4. What is the difference between a Series and a DataFrame?

  • DataFrame: The pandas DataFrame will be in tabular format with multiple rows and columns, where each column can be of different data types.

  • Series: The Series is a one-dimensional labeled array that can store any data type, but all of its values should be of the same data type. The Series data structure is more like a single column of a DataFrame.

The Series data structure consumes less memory than a DataFrame. So, certain data manipulation tasks are faster on it.

However, a DataFrame can store large and complex datasets, while a Series can handle only homogeneous data. So, the set of operations you can perform on a DataFrame is significantly higher than on a Series data structure.

5. What is an index in pandas?

The index is a series of labels that can uniquely identify each row of a DataFrame. The index can be of any datatype (like integer, string, hash, etc.).

df.index prints the current row indexes of the DataFrame df.

Intermediate Pandas Interview Questions

These questions will be a bit more challenging, and you are more likey to encounter them in roles requiring previous experience using pandas.
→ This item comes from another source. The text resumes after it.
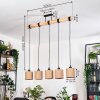 Soungou Hanglamp, Hanglamp Natuurlijke kleuren, Zwart, 5-lichts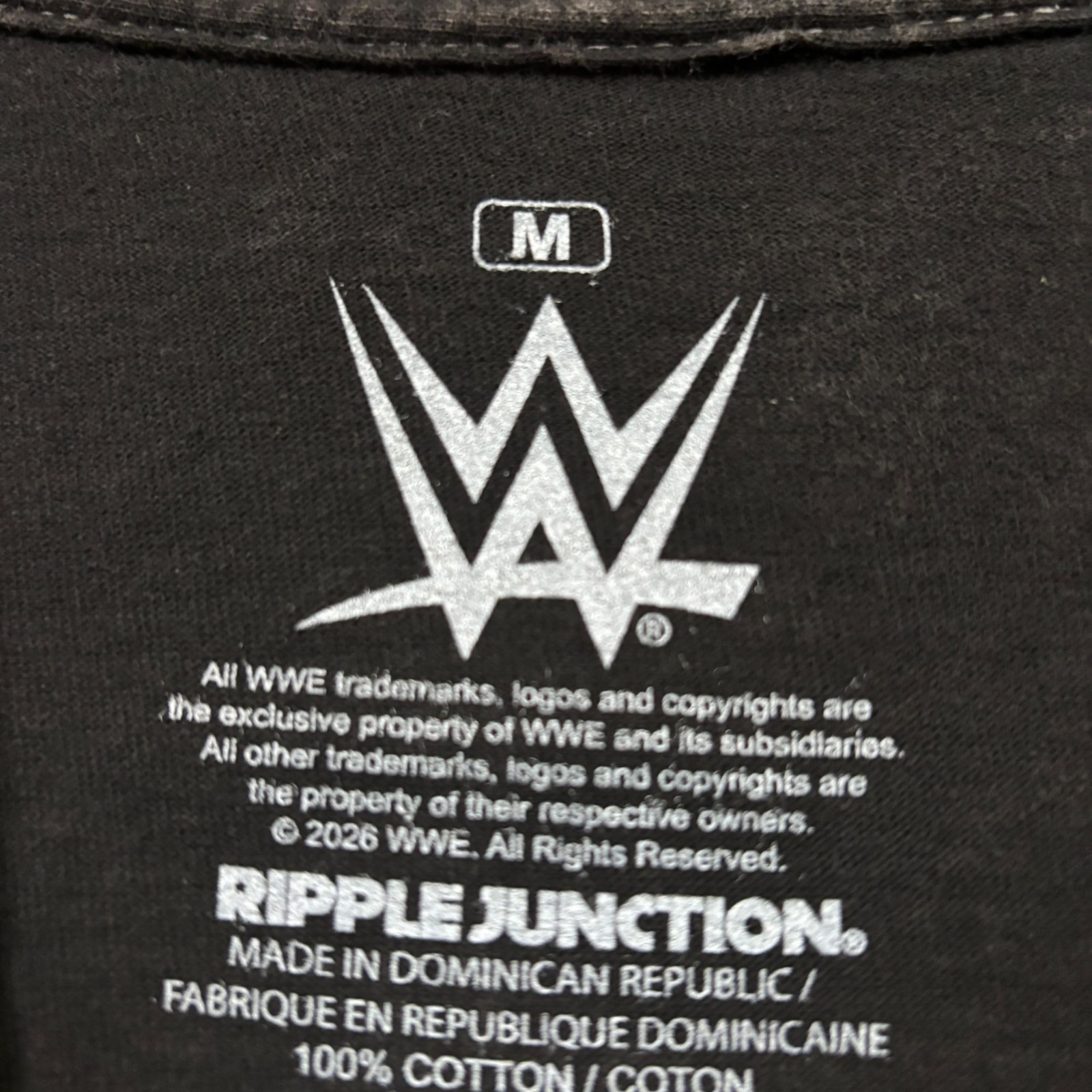WWE Wrestlemania Too Lucky Lose Dominik Casino Mineral Wash T-Shirt Size Medium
6. What is multi-indexing in pandas?

The index in pandas uniquely identifies each row of a DataFrame. We usually pick the column that can uniquely identify each row of a DataFrame and set it as the index. But what if you don’t have a single column that can do this?
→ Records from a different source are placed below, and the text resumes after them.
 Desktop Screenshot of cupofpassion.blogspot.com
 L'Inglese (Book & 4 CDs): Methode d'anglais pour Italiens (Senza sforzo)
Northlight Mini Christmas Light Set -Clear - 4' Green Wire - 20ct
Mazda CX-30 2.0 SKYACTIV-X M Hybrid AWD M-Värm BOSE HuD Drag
For example, you have the columns “name”, “age”, “address”, and “marks” in a DataFrame. Any of the above columns may not have unique values for all the different rows and are unfit as indexes.

However, the columns “name” and “address” together may uniquely identify each row of the DataFrame. So you can set both columns as the index. Your DataFrame now has a multi-index or hierarchical index.
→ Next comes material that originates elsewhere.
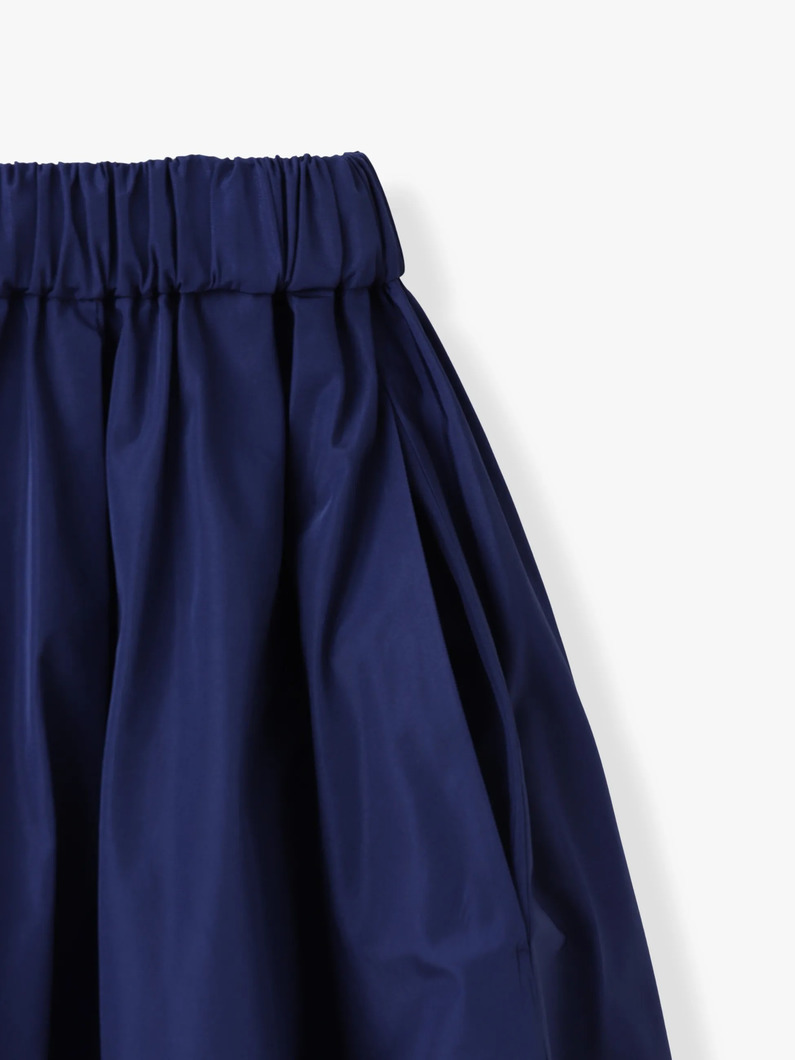 マイクロタフタ スカート 詳細画像 dark blue 2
7. Explain pandas reindexing. Give an example.

Reindexing is used to conform a DataFrame to a new index. It is most commonly used to fill in missing gaps in time-series data or to ensure a report includes all categories, even those with zero values.

If the new index contains labels not present in the original DataFrame, pandas introduces NaN (or a specified fill value) for those rows.

Example: Imagine you have sales data for Q1 and Q3, but Q2 and Q4 are missing because there were zero sales. A standard plot would look misleading. reindex() fixes this by forcing the missing quarters into the DataFrame.

import pandas as pd

# Original data (Note: Q2 and Q4 are missing)
data = {'Quarter': ['Q1', 'Q3'], 'Sales': [15000, 18000]}
df = pd.read_json(pd.DataFrame(data).to_json()) # Simulating loaded data
df = df.set_index('Quarter')

# The complete index we REQUIRE for the report
all_quarters = ['Q1', 'Q2', 'Q3', 'Q4']

# Reindex forces Q2 and Q4 to appear, filling them with 0 instead of NaN
df_full = df.reindex(all_quarters, fill_value=0)

8. What is the difference between loc and iloc?

Both .loc() and the .iloc() methods in pandas are used to select subsets of a DataFrame. Practically, these are widely used for filtering a DataFrame based on conditions.

We should use the .loc() method to select data using actual labels of rows and columns, while the .iloc() method is used to extract data based on integer indices of rows and columns.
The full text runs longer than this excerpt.